Ya recibió la carta, señor Prado. La pusimos en su casilla hace nueve días. Venía de Berlín, Alexander Platz, y el remitente respondía a las iniciales W.S.
– Qué cosas. Tal vez la retiró mi mujer y se olvidó de dármela.
– Eso debe ser, señor Prado.
Santiago era para mí una ciudad nueva en muchos aspectos. Algunos me alegraron, uno de ellos fue la proliferación de centrales telefónicas en las estaciones del metro. Cinco de la tarde en Chile. Diez de la noche en Hamburgo. Kramer esperaba mi llamada desde la Tierra del Fuego a la medianoche. Me adelanté.
– ¿Belmonte? ¿Cómo va todo? ¿Dónde estás?
– Creo que nada va. Estoy en Santiago.
– ¡Qué diablos pasa?
– Escuche, Kramer: quiero que use sus relaciones con la pasma grande. Quiero que averigüe si tienen algo sobre un tipo de iniciales W.S. Creo que es el hombre del Mayor.
– Está bien. Busca un hotel y me llamas enseguida.
Los ordenadores de la pasma grande funcionaron con gran efectividad en Alemania. La llamada de Kramer la recibí a las ocho de la noche en un cuarto del Hotel Santa Lucía. Al inválido se le notaba eufórico.
– ¿Belmonte? ¡Bingo!
– Escupa de una vez.
– W.S. Werner Schroeders. Esa era la chapa de un oficial de inteligencia de la RDA en la base de Cottbus. Se llama en realidad Frank Galinsky, y eso no es todo: voló hace cuatro días a Santiago de Chile. Mañana sales a la Tierra del Fuego. No hay tiempo que perder.

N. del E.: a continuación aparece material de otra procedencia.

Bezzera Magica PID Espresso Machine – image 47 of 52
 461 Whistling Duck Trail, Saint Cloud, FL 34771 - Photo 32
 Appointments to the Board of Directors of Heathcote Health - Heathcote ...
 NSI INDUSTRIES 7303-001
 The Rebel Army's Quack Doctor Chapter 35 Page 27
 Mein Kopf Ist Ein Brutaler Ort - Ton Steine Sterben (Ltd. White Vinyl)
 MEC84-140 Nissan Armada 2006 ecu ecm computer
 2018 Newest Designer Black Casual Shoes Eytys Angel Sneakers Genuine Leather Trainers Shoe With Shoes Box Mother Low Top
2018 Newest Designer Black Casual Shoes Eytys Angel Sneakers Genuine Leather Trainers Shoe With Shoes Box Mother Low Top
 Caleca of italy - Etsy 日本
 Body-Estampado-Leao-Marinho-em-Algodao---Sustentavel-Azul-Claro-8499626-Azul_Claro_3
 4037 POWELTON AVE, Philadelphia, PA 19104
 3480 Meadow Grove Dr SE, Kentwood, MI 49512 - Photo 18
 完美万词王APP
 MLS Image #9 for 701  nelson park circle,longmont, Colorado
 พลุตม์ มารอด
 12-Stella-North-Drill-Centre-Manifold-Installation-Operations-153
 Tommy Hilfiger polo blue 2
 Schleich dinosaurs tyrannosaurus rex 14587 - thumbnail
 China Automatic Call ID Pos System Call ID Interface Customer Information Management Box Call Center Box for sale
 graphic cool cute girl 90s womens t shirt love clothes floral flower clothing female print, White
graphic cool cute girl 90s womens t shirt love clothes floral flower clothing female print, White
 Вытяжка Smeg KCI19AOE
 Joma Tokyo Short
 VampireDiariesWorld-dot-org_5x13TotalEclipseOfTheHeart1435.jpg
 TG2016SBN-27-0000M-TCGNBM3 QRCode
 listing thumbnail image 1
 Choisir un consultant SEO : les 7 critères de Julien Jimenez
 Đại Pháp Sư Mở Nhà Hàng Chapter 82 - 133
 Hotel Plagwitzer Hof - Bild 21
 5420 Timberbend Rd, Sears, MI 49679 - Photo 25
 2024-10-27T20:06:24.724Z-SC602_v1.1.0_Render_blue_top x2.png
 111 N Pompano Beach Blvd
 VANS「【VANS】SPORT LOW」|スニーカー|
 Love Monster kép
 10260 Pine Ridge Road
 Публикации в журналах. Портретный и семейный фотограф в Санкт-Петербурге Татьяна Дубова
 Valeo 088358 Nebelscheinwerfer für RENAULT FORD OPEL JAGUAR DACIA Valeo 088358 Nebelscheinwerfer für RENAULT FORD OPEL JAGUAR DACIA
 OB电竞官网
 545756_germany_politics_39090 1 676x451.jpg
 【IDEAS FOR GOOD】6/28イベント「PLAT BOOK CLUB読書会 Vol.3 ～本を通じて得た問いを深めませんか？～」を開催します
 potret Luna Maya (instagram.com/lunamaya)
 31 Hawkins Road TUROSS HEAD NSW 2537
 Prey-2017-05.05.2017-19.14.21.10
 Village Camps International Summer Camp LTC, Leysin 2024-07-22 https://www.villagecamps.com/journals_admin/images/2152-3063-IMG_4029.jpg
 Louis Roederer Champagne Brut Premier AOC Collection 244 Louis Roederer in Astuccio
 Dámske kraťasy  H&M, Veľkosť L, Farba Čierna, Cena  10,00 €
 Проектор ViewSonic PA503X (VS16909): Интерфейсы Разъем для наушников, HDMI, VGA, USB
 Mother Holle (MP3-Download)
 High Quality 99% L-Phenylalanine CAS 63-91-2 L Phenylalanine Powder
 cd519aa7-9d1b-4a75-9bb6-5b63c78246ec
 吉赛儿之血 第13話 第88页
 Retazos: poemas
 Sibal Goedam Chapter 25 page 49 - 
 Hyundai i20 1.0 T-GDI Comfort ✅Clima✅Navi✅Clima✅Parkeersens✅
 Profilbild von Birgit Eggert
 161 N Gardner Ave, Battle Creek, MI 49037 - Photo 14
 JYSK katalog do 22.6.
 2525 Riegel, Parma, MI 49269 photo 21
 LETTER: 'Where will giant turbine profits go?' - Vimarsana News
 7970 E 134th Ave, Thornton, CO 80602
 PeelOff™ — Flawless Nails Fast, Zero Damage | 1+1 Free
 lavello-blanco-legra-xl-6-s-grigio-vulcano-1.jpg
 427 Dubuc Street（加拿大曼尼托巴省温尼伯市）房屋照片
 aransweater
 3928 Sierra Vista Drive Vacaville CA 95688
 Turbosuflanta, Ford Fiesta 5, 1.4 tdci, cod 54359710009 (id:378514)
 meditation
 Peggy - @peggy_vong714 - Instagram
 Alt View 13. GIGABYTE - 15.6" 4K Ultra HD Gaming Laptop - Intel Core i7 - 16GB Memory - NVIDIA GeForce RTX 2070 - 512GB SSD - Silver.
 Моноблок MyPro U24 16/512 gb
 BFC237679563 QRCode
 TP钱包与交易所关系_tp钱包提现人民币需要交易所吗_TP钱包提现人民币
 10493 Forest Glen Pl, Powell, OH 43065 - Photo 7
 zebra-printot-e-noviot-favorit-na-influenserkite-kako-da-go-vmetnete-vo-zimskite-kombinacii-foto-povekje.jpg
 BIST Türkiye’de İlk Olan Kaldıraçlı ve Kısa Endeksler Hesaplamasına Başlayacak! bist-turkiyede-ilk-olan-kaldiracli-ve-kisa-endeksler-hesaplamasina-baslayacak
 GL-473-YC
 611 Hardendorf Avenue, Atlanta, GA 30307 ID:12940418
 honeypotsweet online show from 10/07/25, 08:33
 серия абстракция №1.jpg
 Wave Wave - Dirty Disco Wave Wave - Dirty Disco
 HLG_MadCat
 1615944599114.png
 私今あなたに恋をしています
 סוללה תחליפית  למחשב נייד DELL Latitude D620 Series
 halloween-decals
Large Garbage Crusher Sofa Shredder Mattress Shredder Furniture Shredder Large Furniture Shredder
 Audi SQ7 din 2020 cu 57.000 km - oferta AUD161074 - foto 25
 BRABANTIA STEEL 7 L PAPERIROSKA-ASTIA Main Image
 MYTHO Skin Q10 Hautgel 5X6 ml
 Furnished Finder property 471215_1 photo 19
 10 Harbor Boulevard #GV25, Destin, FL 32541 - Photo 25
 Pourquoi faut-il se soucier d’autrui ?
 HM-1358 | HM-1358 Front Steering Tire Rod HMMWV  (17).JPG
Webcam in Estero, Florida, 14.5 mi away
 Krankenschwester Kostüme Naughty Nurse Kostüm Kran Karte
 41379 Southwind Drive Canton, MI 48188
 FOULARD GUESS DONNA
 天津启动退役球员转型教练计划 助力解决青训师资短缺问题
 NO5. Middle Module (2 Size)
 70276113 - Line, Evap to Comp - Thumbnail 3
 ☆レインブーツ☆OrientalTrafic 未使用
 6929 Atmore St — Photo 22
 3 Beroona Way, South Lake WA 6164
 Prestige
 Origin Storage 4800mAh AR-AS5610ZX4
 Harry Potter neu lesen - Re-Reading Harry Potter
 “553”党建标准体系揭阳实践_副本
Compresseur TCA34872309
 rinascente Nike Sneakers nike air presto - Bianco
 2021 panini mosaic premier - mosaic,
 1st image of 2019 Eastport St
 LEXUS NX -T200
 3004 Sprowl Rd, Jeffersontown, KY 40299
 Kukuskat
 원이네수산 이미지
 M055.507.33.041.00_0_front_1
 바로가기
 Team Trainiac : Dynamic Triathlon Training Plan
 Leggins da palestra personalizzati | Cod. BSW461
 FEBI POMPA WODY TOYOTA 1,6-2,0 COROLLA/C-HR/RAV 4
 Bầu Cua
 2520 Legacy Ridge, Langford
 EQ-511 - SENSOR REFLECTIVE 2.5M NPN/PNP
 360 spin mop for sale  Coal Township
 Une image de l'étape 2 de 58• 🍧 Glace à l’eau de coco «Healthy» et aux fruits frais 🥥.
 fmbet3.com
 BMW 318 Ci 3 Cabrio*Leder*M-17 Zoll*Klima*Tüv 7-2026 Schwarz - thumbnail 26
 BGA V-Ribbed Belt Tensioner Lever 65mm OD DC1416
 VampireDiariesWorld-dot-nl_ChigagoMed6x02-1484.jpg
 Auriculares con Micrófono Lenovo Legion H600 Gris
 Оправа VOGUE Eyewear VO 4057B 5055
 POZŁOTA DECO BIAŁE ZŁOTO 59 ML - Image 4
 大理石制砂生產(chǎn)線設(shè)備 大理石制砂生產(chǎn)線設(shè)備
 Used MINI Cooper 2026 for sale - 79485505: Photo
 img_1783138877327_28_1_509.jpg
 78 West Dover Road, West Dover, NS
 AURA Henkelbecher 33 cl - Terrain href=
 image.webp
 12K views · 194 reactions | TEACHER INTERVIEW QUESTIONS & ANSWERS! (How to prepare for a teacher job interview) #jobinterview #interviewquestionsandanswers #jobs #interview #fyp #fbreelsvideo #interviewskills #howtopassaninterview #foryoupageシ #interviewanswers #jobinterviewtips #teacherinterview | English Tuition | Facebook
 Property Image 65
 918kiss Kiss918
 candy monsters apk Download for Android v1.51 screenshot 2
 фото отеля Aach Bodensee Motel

– Hay un problema, Kramer.
– ¿Cuál?
– El tipo tiene una pistola nueve milímetros.
– Imposible. Nadie mete armas en los aviones de Lufthansa.
– La compró aquí. Y mató al vendedor.
– Tenemos un trato, Belmonte. Mañana me llamas desde el sur.
– Cumpliré con lo pactado, Kramer. Pero voy a actuar a mi manera.